Tomasz Trela jako inwestor? Jak to się zaczęło…

Od kryzysu. W życiu większość ważnych rzeczy zaczyna się od kryzysu. W moim przypadku był to kryzys finansowy z 2008 roku. Pracowałem wtedy dla dużej polskiej spółki skarbu państwa, która w wyniku nietrafionych transakcji na opcjach walutowych w ciągu kilku tygodni straciła nie tylko dziesiątki milionów złotych, ale także cały zarząd, połowę rady nadzorczej i jednego dyrektora finansowego. To był moment, w którym rynek finansowy zaczął mnie fascynować swoją siłą, potęgą i możliwościami. Zrozumiałem, że skoro „moja spółka” straciła kilkadziesiąt milionów w wyniku kilku transakcji walutowych, to znaczy, że pieniądze te zarobił ktoś inny. Ktoś, kto stał po drugiej stronie transakcji. Poczułem wtedy chęć, żeby dowiedzieć się, kto to był.

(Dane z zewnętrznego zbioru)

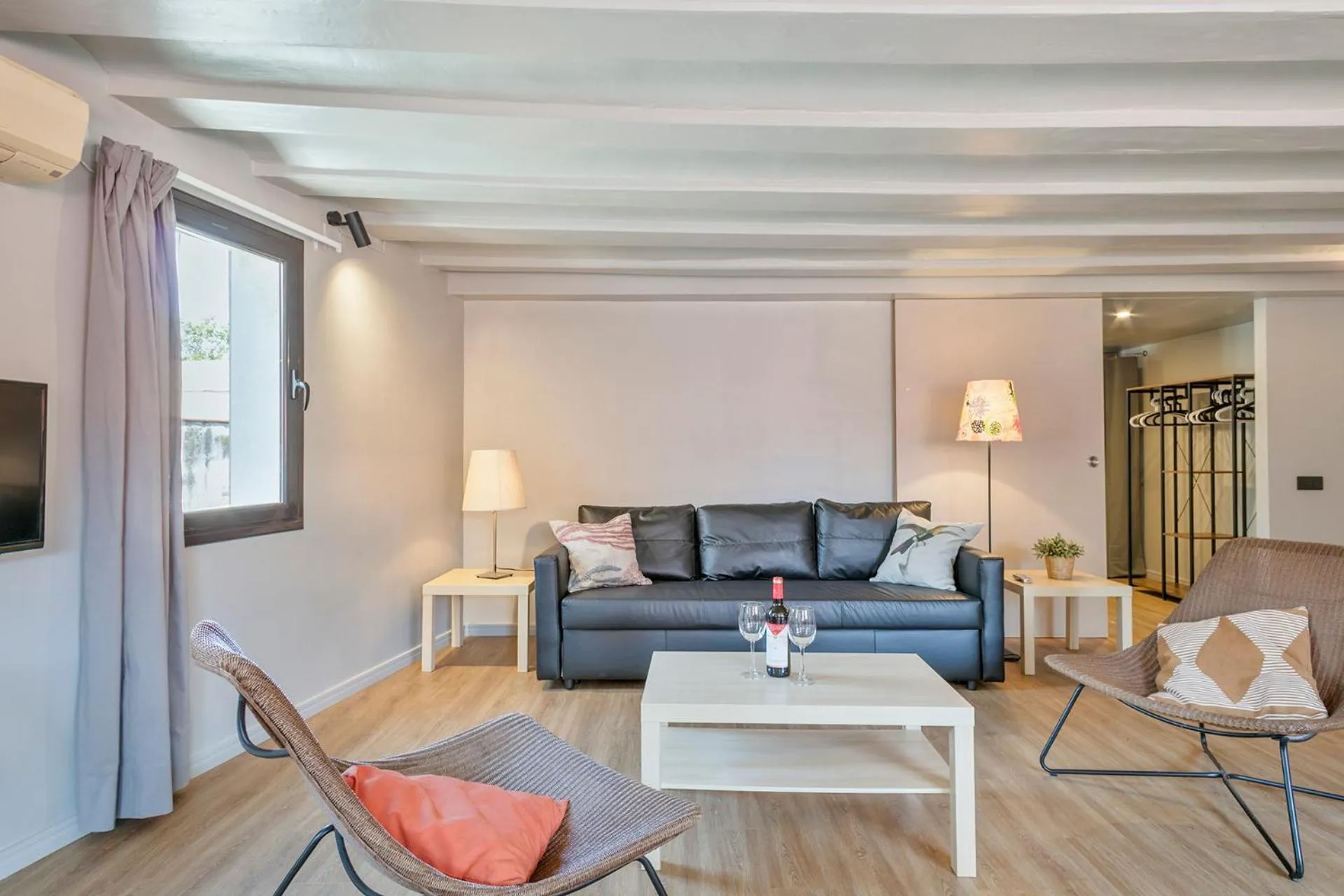 Living room in My Address in Plaza Real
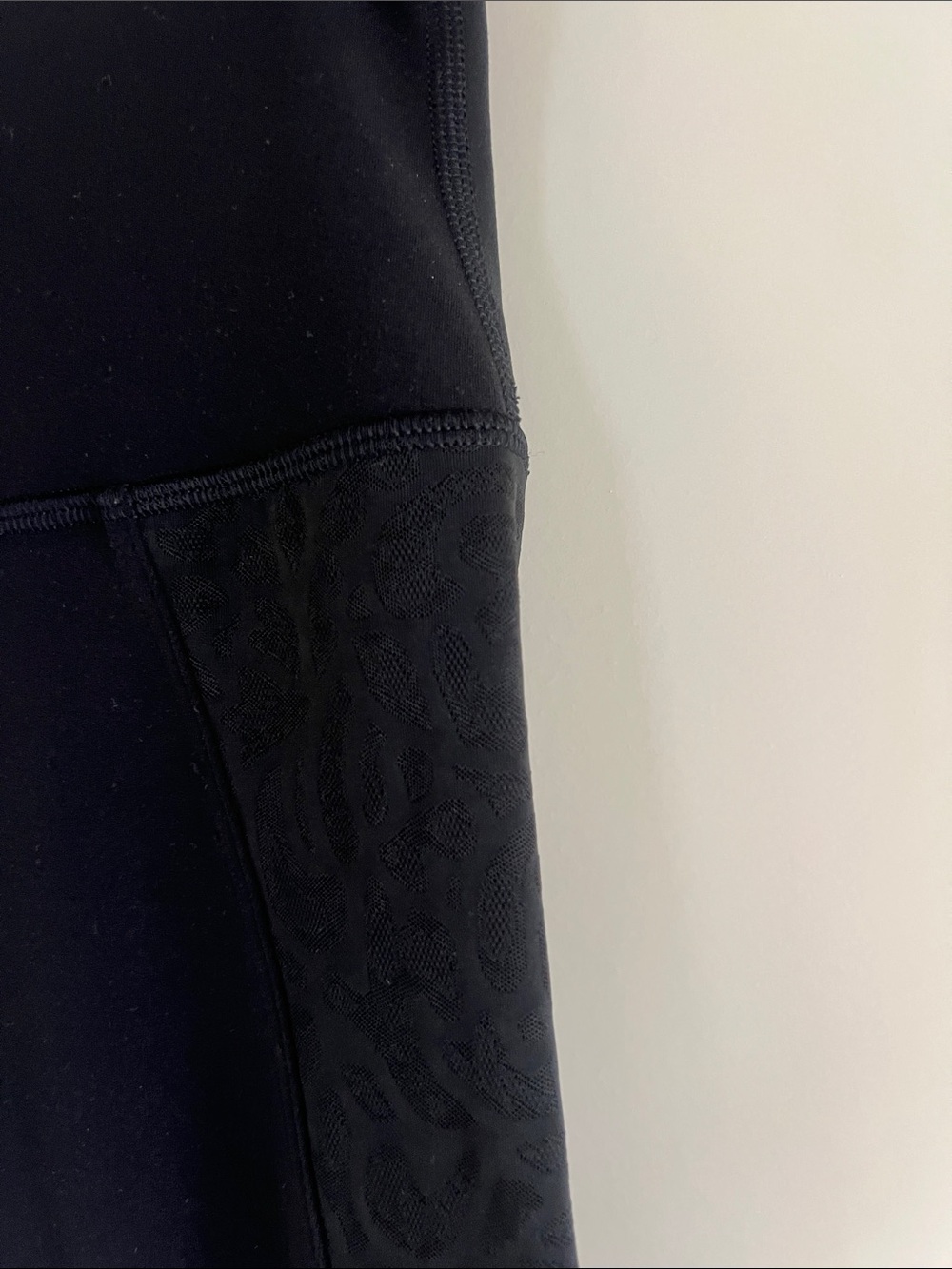 Lululemon Paisley Lace Overlay Tight 25" 2025 EUC - Picture 4 of 10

Z każdym kolejnym dniem dostawałem coraz większej obsesji na punkcie zrozumienia tego, jak naprawdę działa mechanizm międzynarodowych rynków finansowych. W kolejnych latach przeczytałem na ten temat setki książek (dosłownie) i tysiące raportów, prac doktorskich, wyników badań, opracowań, a nawet nudnych jak opera mydlana ustaw i regulacji. W ciągu roku przerobiłem rozpisany na lata program trzech poziomów potrzebnych do przejścia prestiżowego egzaminu CFA. Wszystko po to, żeby zrozumieć, jak naprawdę działa rynek. Po kilku latach ta pogoń zawiłymi ścieżkami doprowadziła mnie nawet do roli konsultanta w londyńskim oddziale Goldman Sachs, ale epizod ten był dość krótki. Na szczęście miałem w sobie tyle rozwagi, żeby zrozumieć, że kariera instytucjonalna i wyścig szczurów nie są dla mnie. Nawet jeśli szczury chodzą w krawatach od Salvatore Ferragamo.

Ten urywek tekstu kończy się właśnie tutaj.